Hand Sanitizer Use Out and About
Germs are everywhere! They can get onto hands and items we touch during daily activities and make us sick. Cleaning hands at key times with soap and water or hand sanitizer that contains at least 60% alcohol is one of the most important steps you can take to avoid getting sick and spreading germs to those around you.
There are important differences between washing hands with soap and water and using hand sanitizer. Soap and water work to remove all types of germs from hands, while sanitizer acts by killing certain germs on the skin. Although alcohol-based hand sanitizers can quickly reduce the number of germs in many situations, they should be used in the right situations. Soap and water are more effective than hand sanitizers at removing certain kinds of germs like norovirus, Cryptosporidium, and Clostridioides difficile, as well as chemicals.
Hand sanitizers also may not remove harmful chemicals, such as pesticides and heavy metals like lead. Handwashing reduces the amounts of all types of germs, pesticides, and metals on hands. Knowing when to clean your hands and which method to use will give you the best chance of preventing sickness.

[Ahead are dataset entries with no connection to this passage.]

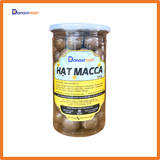  Hạt Macca Danavi Mart - 385g 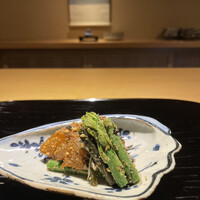 富小路 やま岸 - 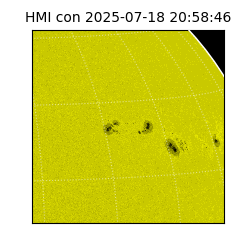 shmi - 2025-07-18T20:58:46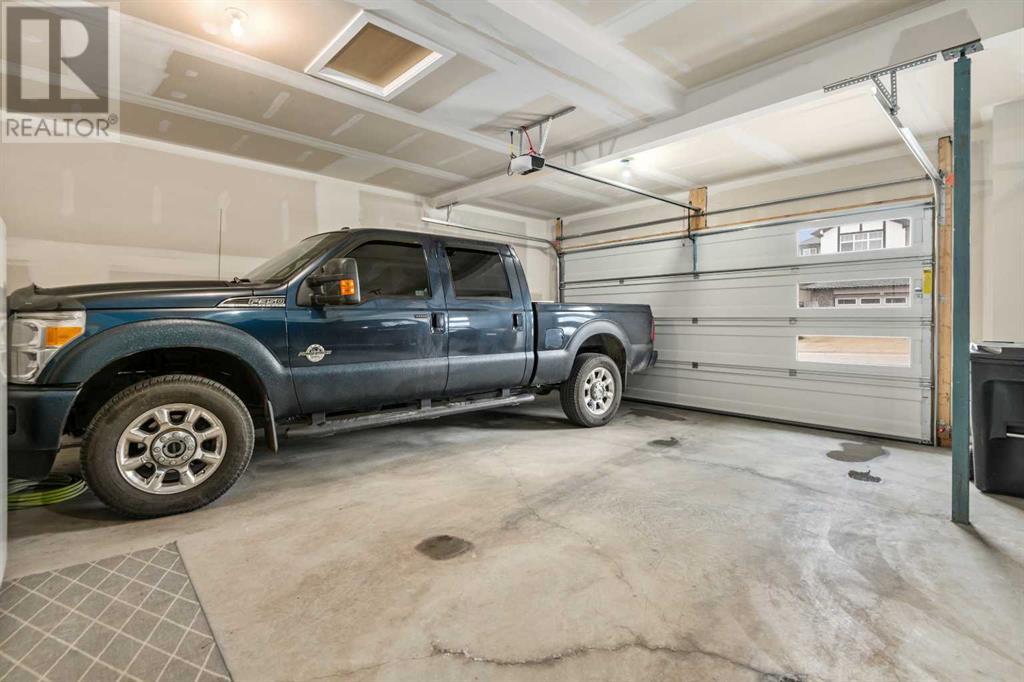 78 Lakes Estates Circle, Strathmore, Alberta  T1P 1L8 - Photo 32 - A2213833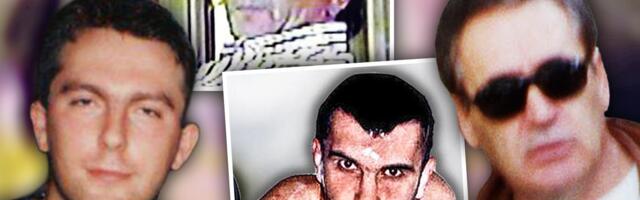 BOMBONA, BUDALA, ŠIPTAR, PACOV, ARKAN VAŽILI SU ZA ŽESTOKE MOMKE BEOGRADA A IMALI ČUDNE NADIMKE: Evo kako su ih dobili i šta su tačno značili (foto galerija)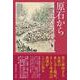 原石から エメラルドへ [単行本]
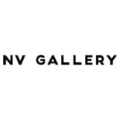 NV Gallery France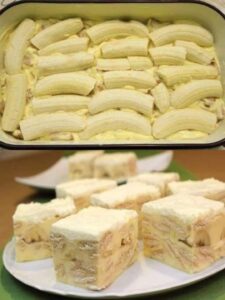 554171711_24780514544914954_8965775497384323851_n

DO NOT use hand sanitizer if your hands are visibly dirty or greasy–for example, after gardening, playing outdoors, fishing, or camping. If a handwashing station is available, wash your hands with soap and water instead.
Use an alcohol-based hand sanitizer that contains at least 60% alcohol.
Supervise young children when they use hand sanitizer to prevent swallowing alcohol, especially in schools and
Do NOT rinse or wipe off the hand sanitizer before it’s dry; it may not work well against germs.